When Jethro heard "that the Lord had taken Israel out of Egypt," the Mekhilta draws a remarkable conclusion: the Exodus is not just one miracle among many. It is the miracle against which all others are measured. Every act of might, every wonder, every supernatural intervention that God performed for Israel — all of it is weighed against the Exodus, and the Exodus outweighs them all.
The splitting of the sea, the manna from heaven, the water from the rock, the defeat of Amalek — these were astonishing events. But the Mekhilta says that the single phrase "the Lord had taken Israel out of Egypt" encompasses and surpasses every one of them. The Exodus is the master miracle, the root from which every subsequent wonder grows.
Why would a single event carry such disproportionate weight? Because the Exodus was not merely a rescue operation. It was the birth of a nation. Before Egypt, Israel was a collection of enslaved tribes. After the Exodus, they were a people with a covenant, a destiny, and a God who had demonstrated — publicly, unmistakably — that He intervenes in history on their behalf.

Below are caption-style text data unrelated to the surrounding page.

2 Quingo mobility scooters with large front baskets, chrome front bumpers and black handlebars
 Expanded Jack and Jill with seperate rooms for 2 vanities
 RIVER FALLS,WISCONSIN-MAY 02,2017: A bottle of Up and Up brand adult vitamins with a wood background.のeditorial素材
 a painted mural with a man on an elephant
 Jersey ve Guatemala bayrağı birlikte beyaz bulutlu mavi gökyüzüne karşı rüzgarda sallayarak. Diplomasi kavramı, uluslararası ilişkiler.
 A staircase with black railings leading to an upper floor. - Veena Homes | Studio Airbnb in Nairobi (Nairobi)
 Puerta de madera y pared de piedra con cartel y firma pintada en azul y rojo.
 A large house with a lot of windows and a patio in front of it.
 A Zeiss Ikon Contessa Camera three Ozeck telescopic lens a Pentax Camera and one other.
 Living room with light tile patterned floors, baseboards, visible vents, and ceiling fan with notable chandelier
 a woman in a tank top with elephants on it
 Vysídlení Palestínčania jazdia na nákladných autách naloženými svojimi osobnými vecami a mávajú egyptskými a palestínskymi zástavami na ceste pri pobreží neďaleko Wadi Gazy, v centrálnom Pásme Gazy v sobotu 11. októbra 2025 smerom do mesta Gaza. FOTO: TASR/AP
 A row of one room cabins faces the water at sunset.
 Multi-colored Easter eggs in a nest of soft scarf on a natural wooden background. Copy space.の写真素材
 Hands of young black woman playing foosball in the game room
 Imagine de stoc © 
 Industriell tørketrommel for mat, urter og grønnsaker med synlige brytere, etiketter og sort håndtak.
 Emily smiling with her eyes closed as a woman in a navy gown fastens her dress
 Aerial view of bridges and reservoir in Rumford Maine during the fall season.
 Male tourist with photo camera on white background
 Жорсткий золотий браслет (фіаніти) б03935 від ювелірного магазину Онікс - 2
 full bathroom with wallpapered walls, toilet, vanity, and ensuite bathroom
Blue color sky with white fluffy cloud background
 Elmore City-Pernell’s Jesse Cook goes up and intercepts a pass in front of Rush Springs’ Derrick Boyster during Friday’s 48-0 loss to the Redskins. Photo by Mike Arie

The Mekhilta is also explaining why Jethro was so deeply moved. He was not impressed by any single miracle. He grasped the totality. The phrase "taken Israel out of Egypt" was a summary of everything — the ten plagues, the departure, the sea, the wilderness provisions, the revelation at Sinai. Jethro heard that one sentence and understood that it contained the entire story. The Exodus, the Mekhilta teaches, is the lens through which every other divine act must be viewed.